Malta, strategically located at the crossroads of Europe, Africa, and the Middle East, is an attractive destination for foreign investors seeking to optimize their tax liabilities while benefiting from a stable business environment.
One of Malta’s tax strategies involves Double Taxation Treaties (DTTs), designed to prevent the double taxation of income and facilitate cross-border trade and investment.
In this article, we will discover the advantages they offer to businesses worldwide and potential investors.
Malta’s Extensive Double Taxation Treaties Network
Malta’s commitment to international trade and investment is evident in its network of DTTs, with agreements in place with 70 countries and jurisdictions. These treaties serve to provide clarity and certainty regarding tax obligations for businesses operating across borders, mitigating the risk of double taxation and ensuring a fair and equitable distribution of tax burdens.

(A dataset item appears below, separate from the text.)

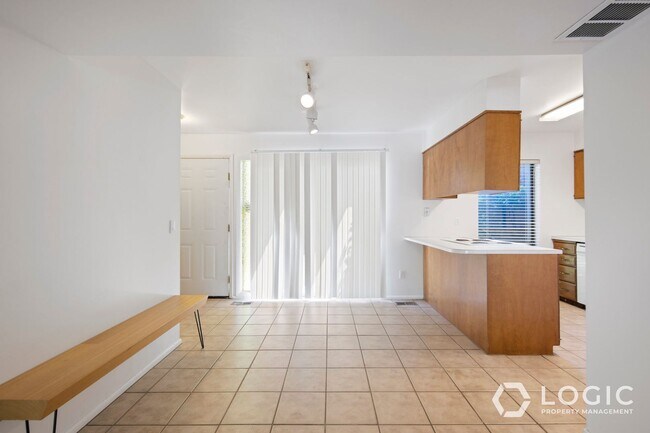 Building Photo - 1815 N Woodside Dr E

You can review the existing double taxation conventions here.
Most importantly, Malta also extends unilateral relief, allowing individuals to deduct foreign taxes from Maltese tax liabilities even in the absence of a Double Taxation Treaty (DTT). This means that regardless of the existence of a DTT, individuals can still offset foreign taxes against their Maltese tax obligations. This is often nicknamed a “Virtual DTT”.
Benefits for Foreign Investors
One of the primary benefits of Malta’s DTTs is the reduction of withholding taxes on dividends, interests, and royalties for non-resident companies engaging in business activities within the country. For instance, under certain conditions, withholding tax on dividends can be as low as 5% for entities from select jurisdictions, compared to the standard rate of 15%. Similarly, royalties derived from research and development activities are exempt from income tax, providing additional incentives for companies engaged in innovation and intellectual property development.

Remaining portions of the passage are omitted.